With this incessant, passionless sensibility, it was not unnatural that his thirst for friendship was stronger than his need of love; that to him friendship was hardly distinguishable from love. Throughout all his letters there is a series of causeless explosions of emotion, which it is hardly possible to take seriously, but which, far from being insincere, is really, no doubt, the dribbling overflow of choked-up feelings, a sort of moral leakage.

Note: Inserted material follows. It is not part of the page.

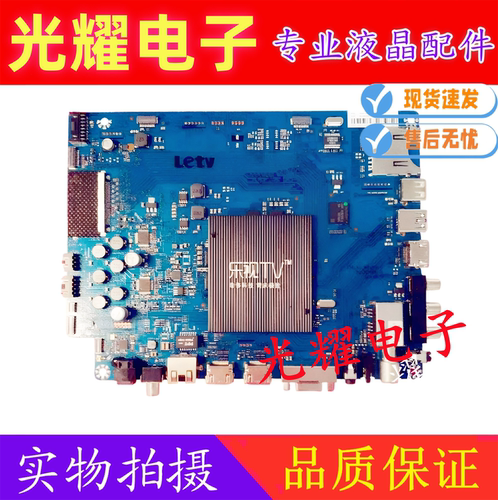 乐视letv X50Air S50Air主板 X50_Air_MB_H5000 4200 4100电路板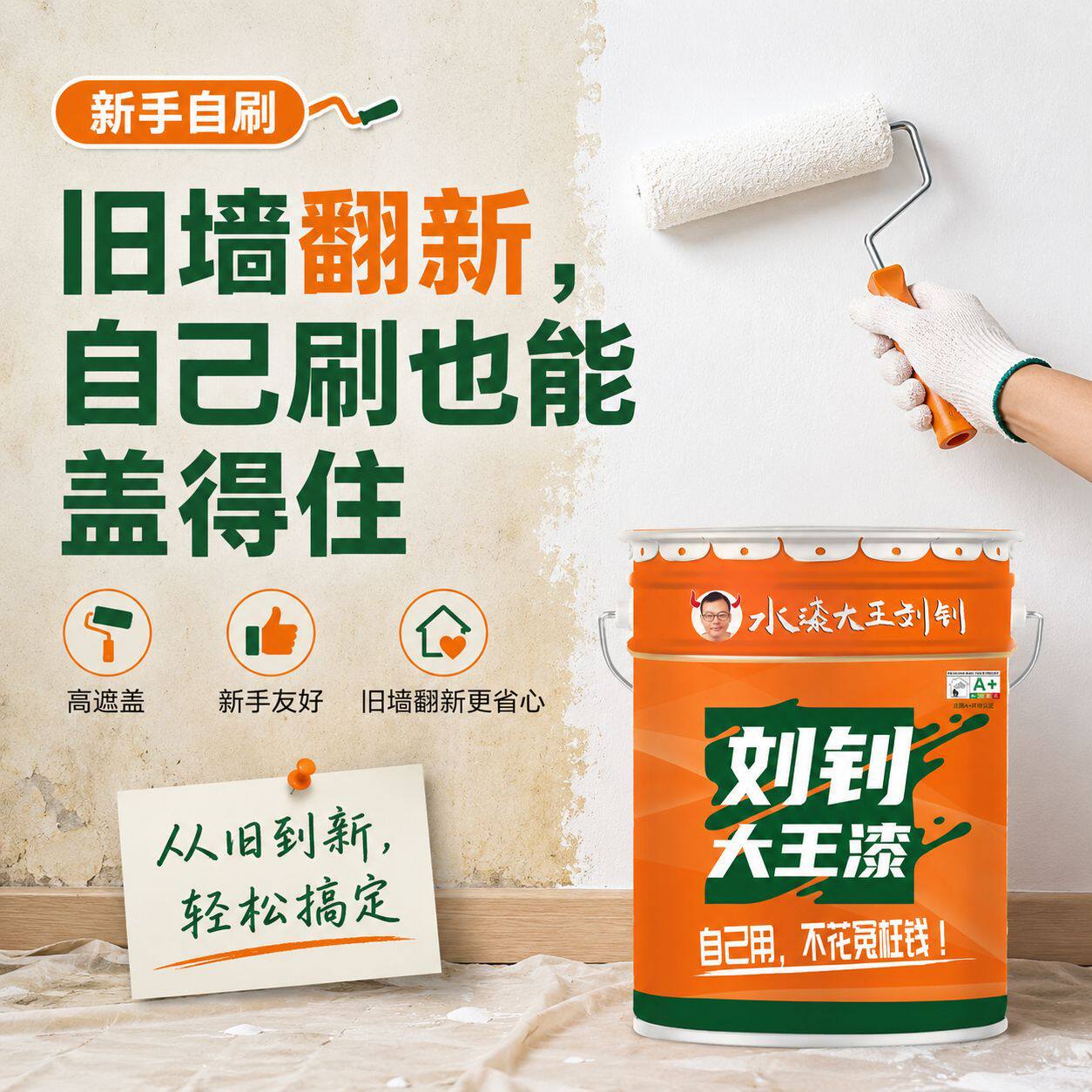 旧墙翻新乳胶漆室内自刷墙面内墙白色家用高遮盖涂料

It might be said of Coleridge, in the phrase which he used of Nelson, that he was "heart-starved." Tied for life to a woman with whom he had not one essential sympathy, the whole of his nature was put out of focus; and perhaps nothing but "the joy of grief," and the terrible and fettering power of luxuriating over his own sorrows, and tracing them to first principles, outside himself or in the depths of his sub- consciousness, gave him the courage to support that long, everpresent divorce.
Both for his good and evil, he had never been able to endure emotion without either diluting or intensifying it with thought, and with always self-conscious thought. He uses identically the same words in writing his last, deeply moved letter to Mary Evans, and in relating the matter to Southey. He cannot get away from words; coming as near to sincerity as he can, words are always between him and his emotion. Hence his over-emphasis, his rhetoric of humility. In 1794 he writes to his brother George: "Mine eyes gush out with tears, my heart is sick and languid with the weight of unmerited kindness." Nine days later he writes to his brother James: "My conduct towards you, and towards my other brothers, has displayed a strange combination of madness, ingratitude, and dishonesty. But you forgive me. May my Maker forgive me! May the time arrive when I shall have forgiven myself!" Here we see both what he calls his "gangrened sensibility" and a complete abandonment to the feelings of the moment. It is always a self- conscious abandonment, during which he watches himself with approval, and seems to be saying: "Now that is truly 'feeling'!" He can never concentrate himself on any emotion; he swims about in floods of his own tears. With so little sense of reality in anything, he has no sense of the reality of direct emotion, but is preoccupied, from the moment of the first shock, in exploring it for its universal principle, and then nourishes it almost in triumph at what he has discovered. This is not insincerity; it is the metaphysical, analytical, and parenthetic mind in action. "I have endeavoured to feel what I ought to feel," he once significantly writes.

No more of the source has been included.